Friday, July 03, 2020

The Stones of Blood Part Two


The one where the true identity of the Cailleach is revealed...

Both the Doctor and Romana are in pretty dire straits at the start of this episode. The Doctor is unconscious, tied to a stone altar, about to become the latest blood sacrifice to the sacred Cailleach, while Romana is clinging onto a cliff edge for dear life (but managing to keep her jaunty Burberry cap on her head throughout). The Doctor comes round with a jolt ("I hope that knife's been properly sterilised!") and is saved by none other than Amelia Rumford on her bicycle, who frightens the knife-wielding murderers away with her tinkling bell.

In order to locate Romana, the Doctor blows K-9's dog whistle, which amazingly he can hear inside the TARDIS, even though the TARDIS is apparently in a different, separate dimension. Clever whistle! This is the whistle that also distracted Shrievenzales on Ribos, so it's a pretty handy gadget to have, it seems.

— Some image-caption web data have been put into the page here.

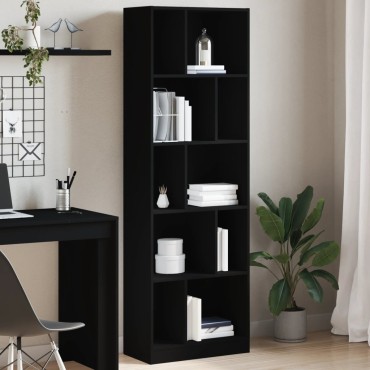 vidaXL Βιβλιοθήκη Μαύρη 57x28,5x174cm από Επεξεργασμένο Ξύλο 1 τεμ.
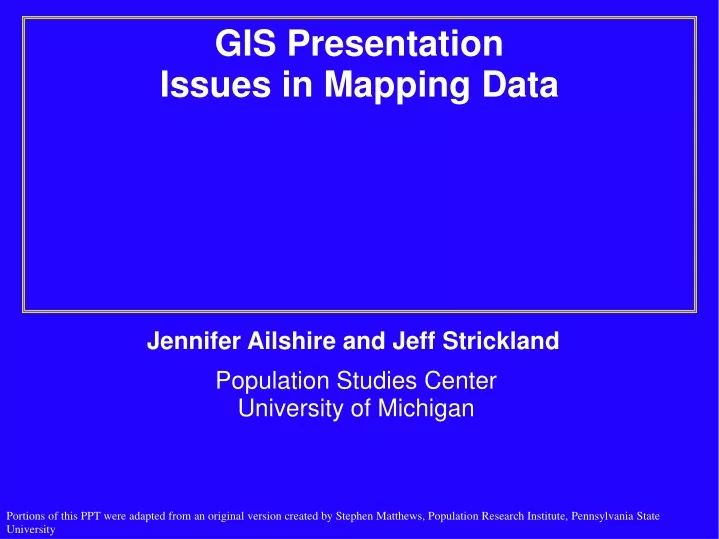 gis presentation issues in mapping data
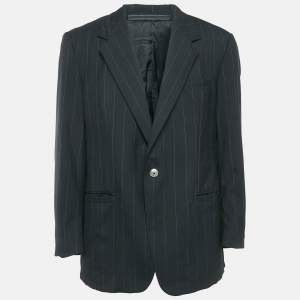 Versace Classic V2 Black Pinstripe Wool Single Breasted Blazer XL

The Doctor rescues Romana by throwing his long scarf over the cliff edge to haul her up, but the Time Lady is fearful of him, claiming it was he who pushed her over. It seems that whoever possesses the third segment of the Key to Time is harnessing its powers of transmutation, which suggests that whoever has it knows what it is. It also begs the question of who really pushed Romana off the cliff. Almost every other character in the cast is accounted for elsewhere.

The Doctor is slowly coming to realise that Amelia or Vivien may have something to do with the segment, as the tracer only detects its presence when they are in the circle, and not when they're not. On the face of it, you'd instantly suspect Vivien, played with an element of guile by Susan Engel. I love the femininity of The Stones of Blood, it has one of the most female casts in all of classic Who. There are only eight members of the credited guest cast, and 50% is female. If you add the regular cast to that, it means five of the 11-strong cast are women, with the two guest leads both female. It gives the story a different flavour, and while it would have been even better to have been written and/ or directed by a woman, it's still a refreshing change for Doctor Who in this era. The 1960s and 80s both had far better gender-balance than the 1970s.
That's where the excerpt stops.